A common misconception among business owners is that profit and sustainability operate in a zero-sum relationship. If you want to increase sustainability, then your profits will suffer. These businesses stagnate while others are pushing to find new avenues of income and wider customer bases. 

The truth is that you can ‘expand the pie’, increasing both profits and sustainability simultaneously. Driving innovation and building new competitive advantages goes hand in hand–as does increasing financial performance.

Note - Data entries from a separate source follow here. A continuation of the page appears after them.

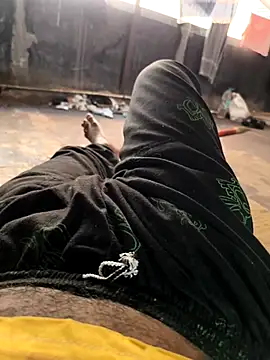 Snapshot of SILENT_FUCKER_01 chatting on 02-11-26, 10:48 SILENT FUCKER 01 online show from 02-11-26, 10:48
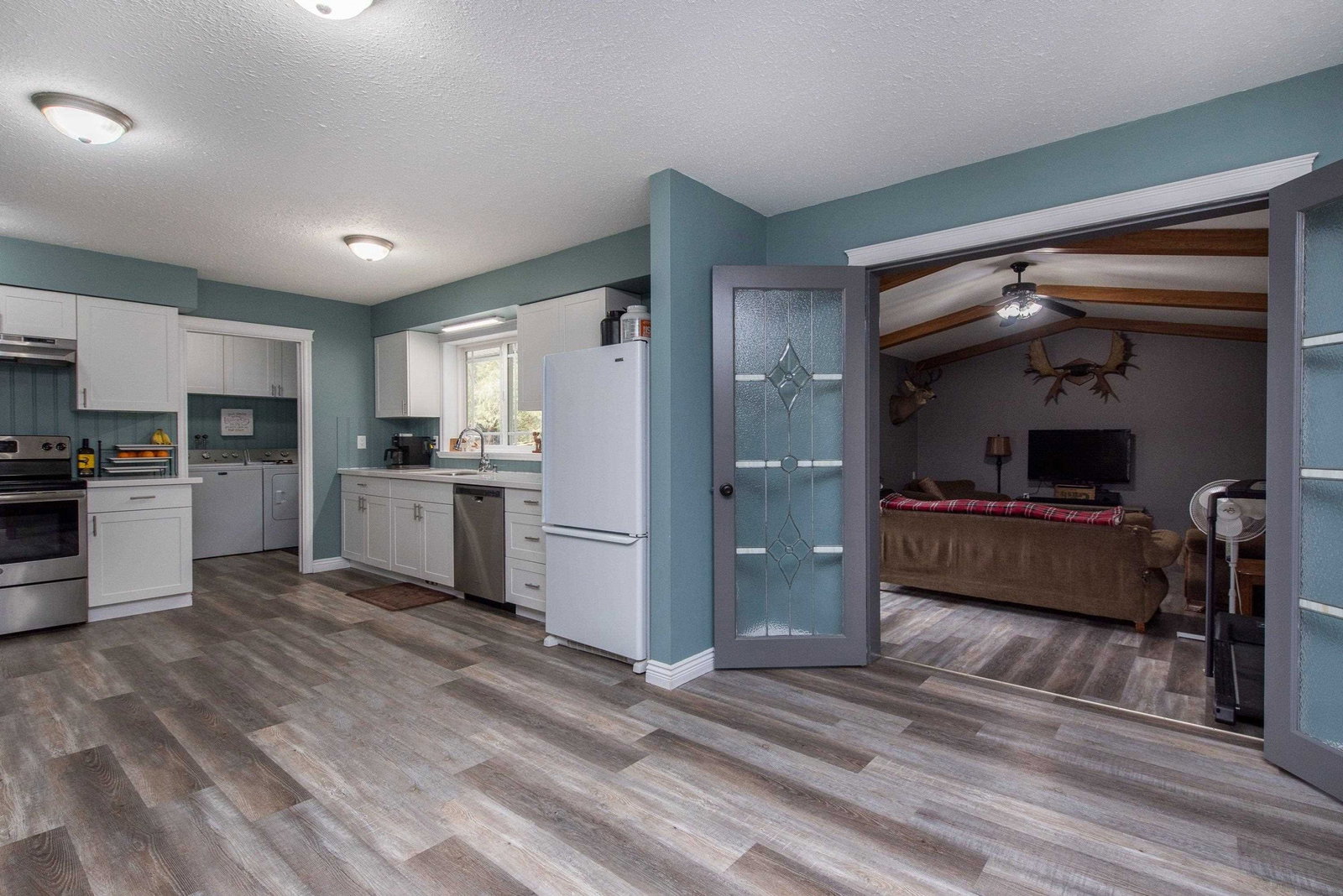 Listing Image 11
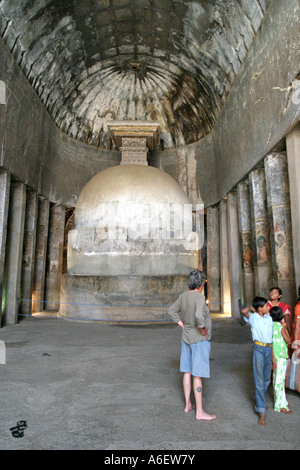 L'intérieur de la caverne n°incroyable10 à l'Ajanta grottes ,Maharashtra Inde Banque D'Images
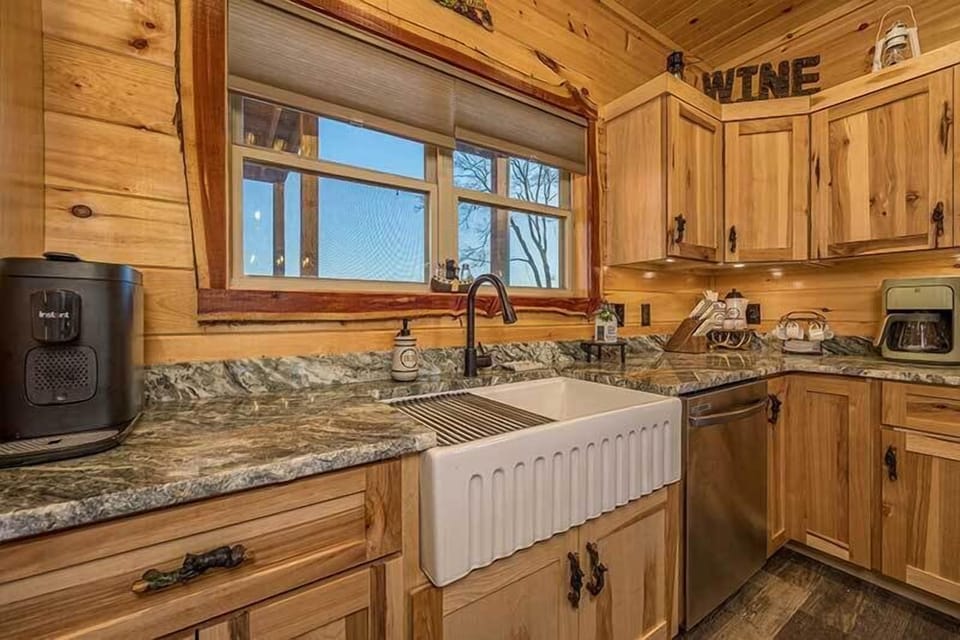 Farmers Kitchen Sink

An added element of financial benefits is that companies are realizing significant cost-saving potential via sustainability-related efficiencies like waste reduction or energy-efficient lighting. 

Additionally, investors track high performers on ESG factors and are recognizing a positive correlation between financial and ESG performance. Businesses get noticed for being good corporate citizens as they are pushing the boundaries to find new, sustainable solutions. 

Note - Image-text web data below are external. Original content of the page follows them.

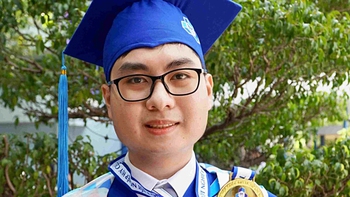 Thủ khoa tốt nghiệp trước hạn điểm tuyệt đối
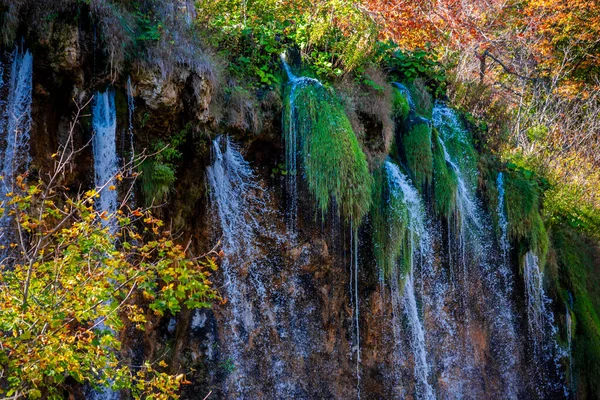 Prachtige Waterval Het Bos — Stockfoto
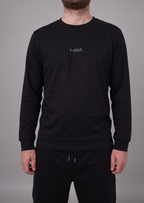 simple. long-sleeved t-shirt. black.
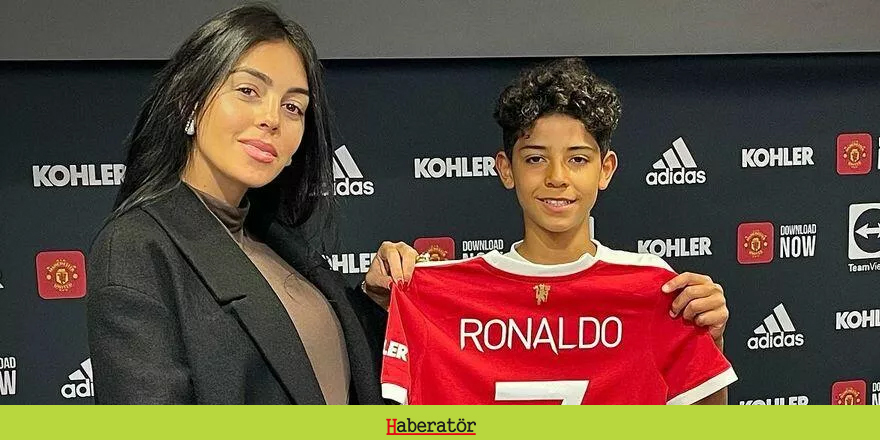 Cristiano Ronaldo'nun oğlu Manchester United'a imza attı
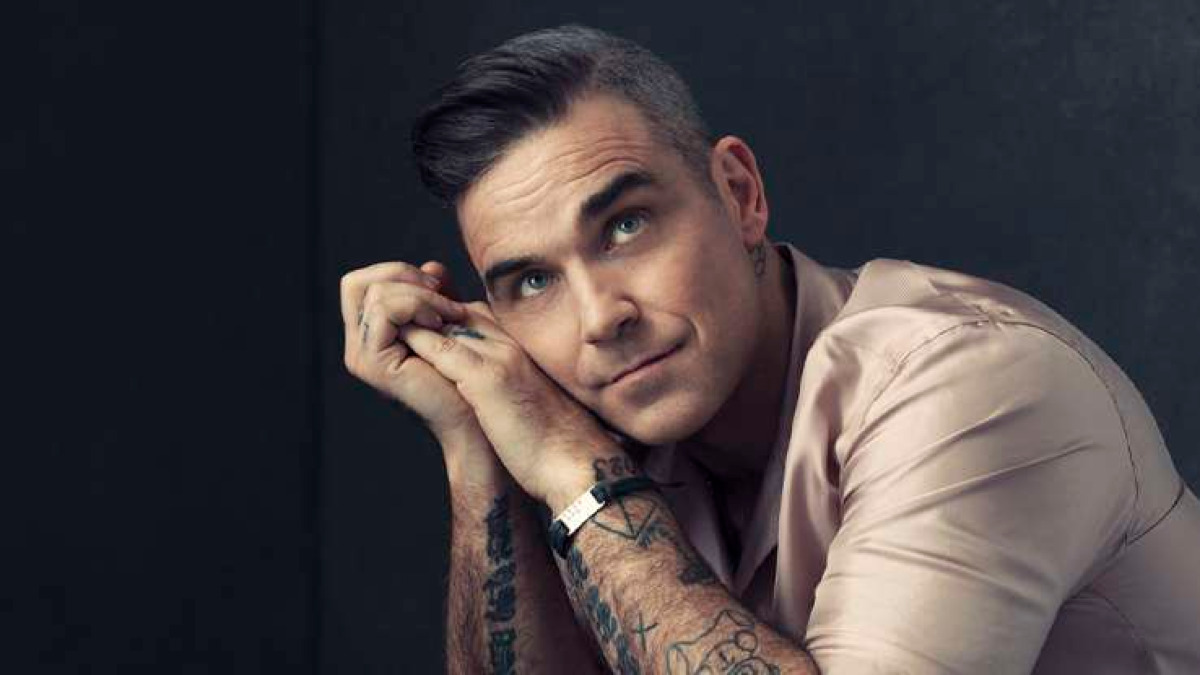 Quiz: Robbie Williams anni ’90… se pensi di conoscerlo davvero, questo test ti ridimensiona - 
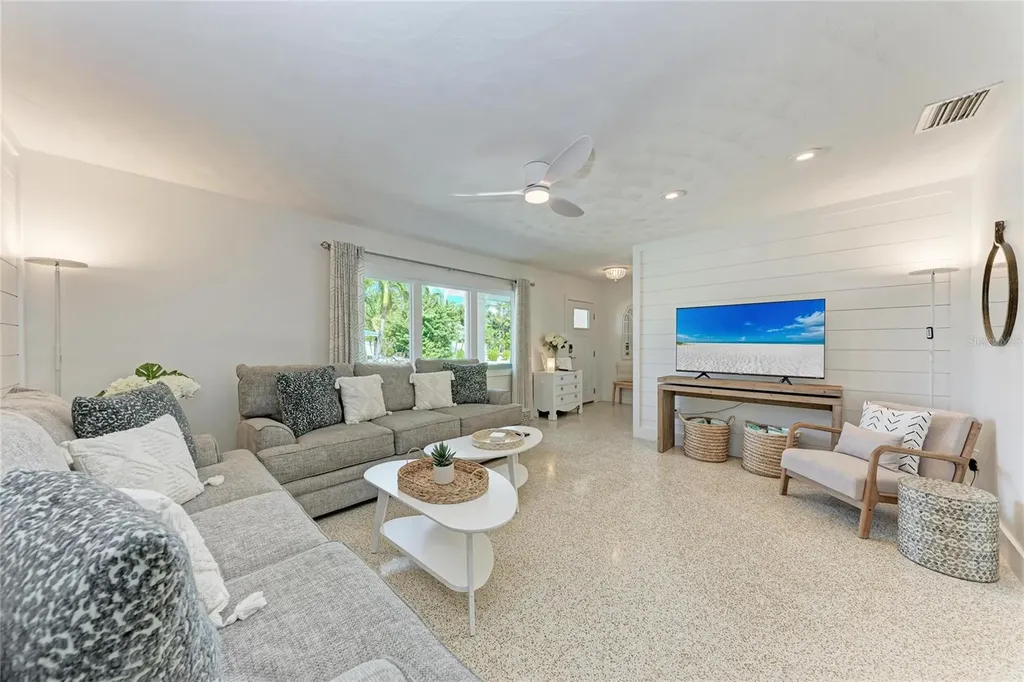 150 Crescent Drive Anna Maria FL 34216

An Oxford University study on sustainability and corporate performance found that in a meta-analysis, 90% of the studies found that good ESG standards lower the cost of capital, 88% concluded that proper sustainability practices result in better operational performance; and 80% showed that stock price performance is positively affected by a high-quality ESG approach. 

According to the Harvard Business School, between 2006 and 2010, the world’s 100 most sustainable companies experienced significantly higher sales growth, return on assets, profit before taxation, and cash flow from operations compared to control companies.

The research shows that sustainable companies deliver significant positive financial performance and that investors are seeking out companies who engage in ESG practices – another reason why sustainability is important. 

Conclusion

As with any transformation, a sustainability strategy must be well-managed and built from within. Businesses that don’t adapt to the new demands of consumers and the sustainability-driven movement will be left behind. 

However, companies that are incorporating sustainability-based management techniques into their day-to-day are challenging the prior notion that sustainability and profit are negatively correlated and are realizing financial benefits.

The 3 pillars of sustainability should be addressed in any successful corporate strategy and present an opportunity to redesign, retool, and advance business strategy. In the process, weaknesses and inefficiencies are weeded out and replaced with the seeds of innovation that spur new growth. 

Thus, planting the seed of sustainability provides the foundation for businesses to flourish.